College Was and Still is Beneficial
The value of a college degree has been under great scrutiny of late. Which is good, because we should carefully examine things that are important and expensive, and not assume that yesterday's model should be tomorrow's or that there is never a better path to the same outcome.
There is time and place to probe this issue from every angle. I will take a shallower, lazier approach today, in rebutting the wholesale dismissal of college, particularly when it comes from people who have benefitted so much from it but may have either forgotten or cannot connect the dots as to how it was so important.

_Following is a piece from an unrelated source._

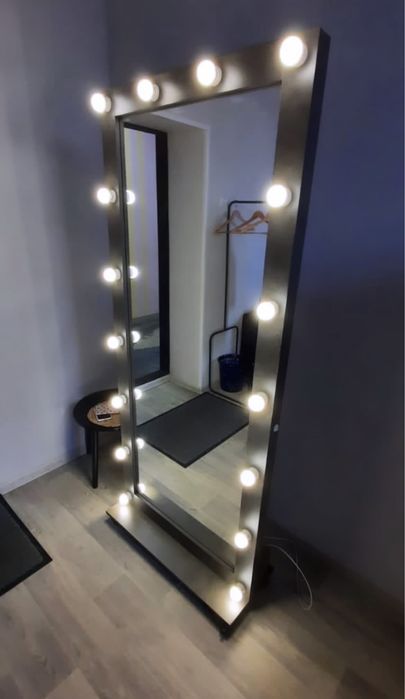 Визажное зеркало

Again, we can question whether college should be so expensive. And, we can support the many alternative paths to a successful career and happy life. But, we who had the opportunity to go to college ourselves, whether fortunate enough to directly or indirectly afford it, should not flippantly dismiss the role that stage in our lives played in forming who we are today
It irks me when people dismiss their college years as of little utility to their present success and happiness. I submit to you that the entirety of the experience is profoundly influential. And I mean everything: classroom, dorm, parties, sports, and so on. Being away from home, absorbing contemporary world events with others, connecting to the pulse of campus life. We were impressionable at this point in our lives, and whether we put effort into it or not we were shaped by the years.
I do not wish to go back in time, either to relive past glories or make different decisions. But, I do look back fondly and gratefully for my college years. I like who I am today, and I am who I am because of my time in college.